In the broader context, the Nifty IT index has fallen about 24.8% year-to-date, underlining the widespread impact of economic uncertainty on Indian IT companies. In that environment, Wipro’s ability to grow profit and improve margin while sustaining high-quality deal wins positions it favourably—though the lack of revenue acceleration limits a more bullish sentiment.
Why Wipro’s Strategic Shift Toward AI And Platform-Led Delivery Is Key
As the technology sector enters a new growth cycle driven by generative AI, hyper-automation, and platform consolidation, Wipro is positioning itself to lead in these emerging areas.
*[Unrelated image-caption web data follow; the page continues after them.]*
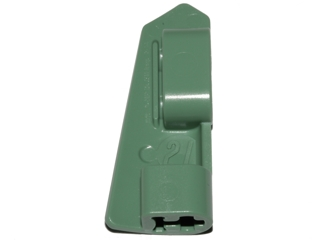 Technic Panel Fairing #21 5L Small Smooth, Side B in Sand Green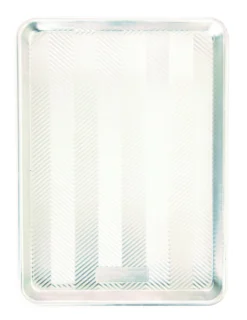 Nordic Ware Bakplaat Prism 45 X 33 Cm - Half Sheet -Goedkope Keuken Wijs Winkel 43170 Prism Half Sheet Overhead scaled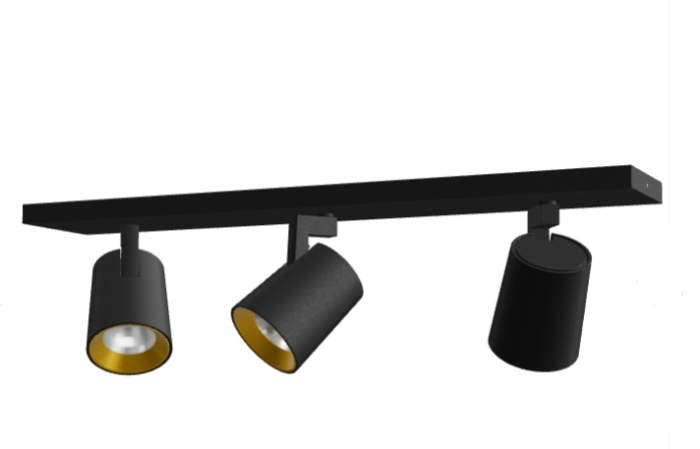 KENNY III MONTAT PE SUPRAFAȚĂ - spot luminos [3]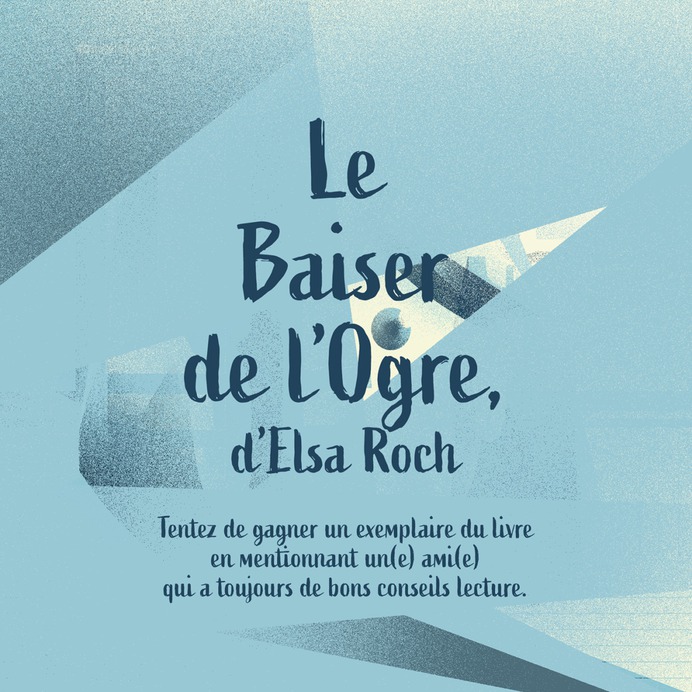 Le Baiser de l'Ogre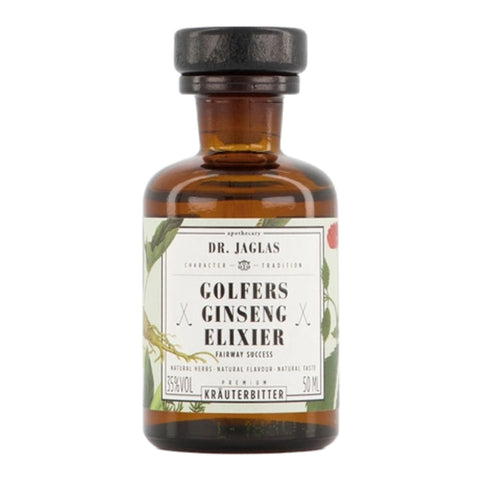 Golfers Ginseng Elixier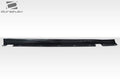 2007-2013 Mercedes S Class W221 Duraflex S65 Look Side Skirts Rocker Panels - 2 Piece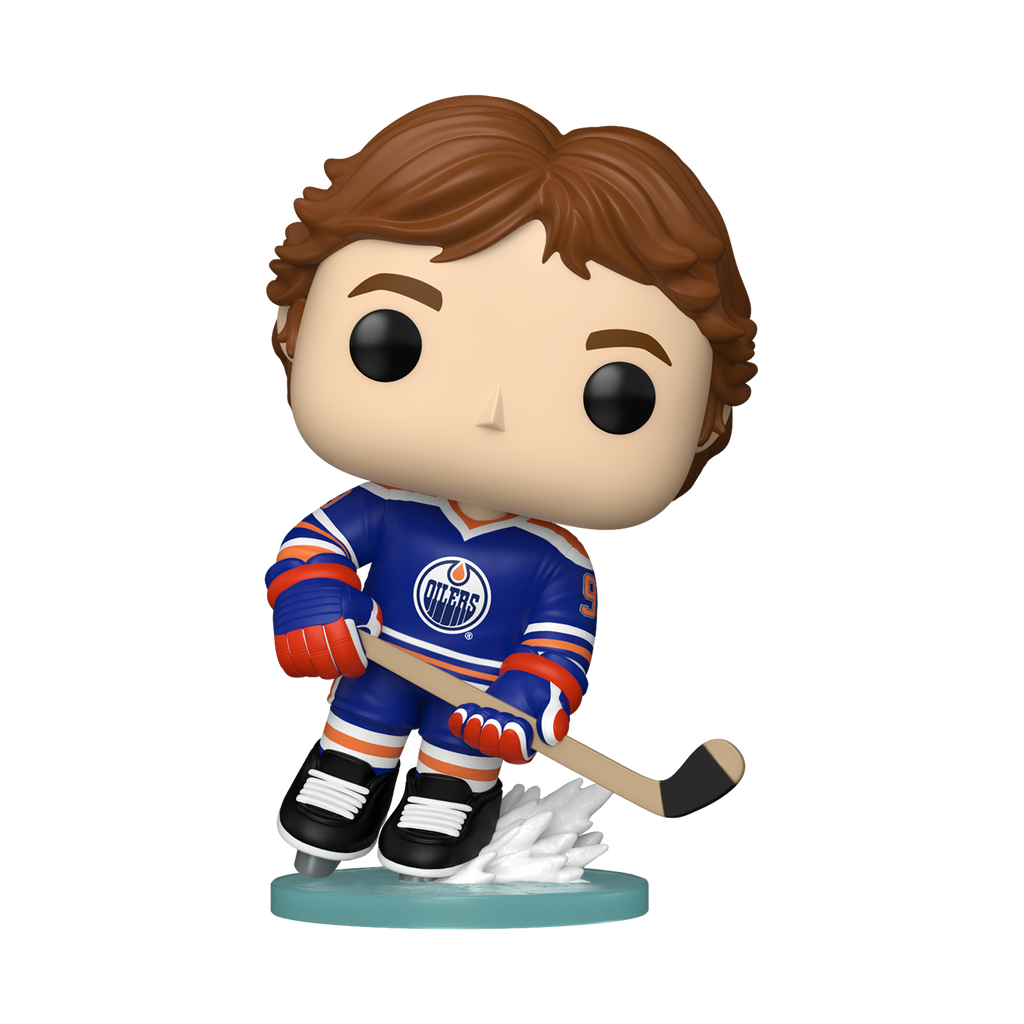 Funko Pop Wayne Gretzky - Edmonton Oilers 97 - Leaside Hockey Shop Inc.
The company’s expansion into large-scale AI-powered solutions across healthcare, utilities, insurance, and cybersecurity reflects its evolving value proposition. Its investment in GenAI Centers of Excellence, AI-Ops platforms, and industry-specific solutions like “Payer-in-a-box” provides a differentiated edge in a consolidating IT services landscape.
From a stock market perspective, Wipro remains a hold for many institutional investors, given its strong capital efficiency, dividend discipline, and robust deal pipeline. However, unlocking share price upside will require clearer signs of top-line acceleration and increased client confidence. Investors will closely monitor execution in the coming quarters as Wipro navigates a transitioning industry while focusing on high-margin, AI-centric engagements.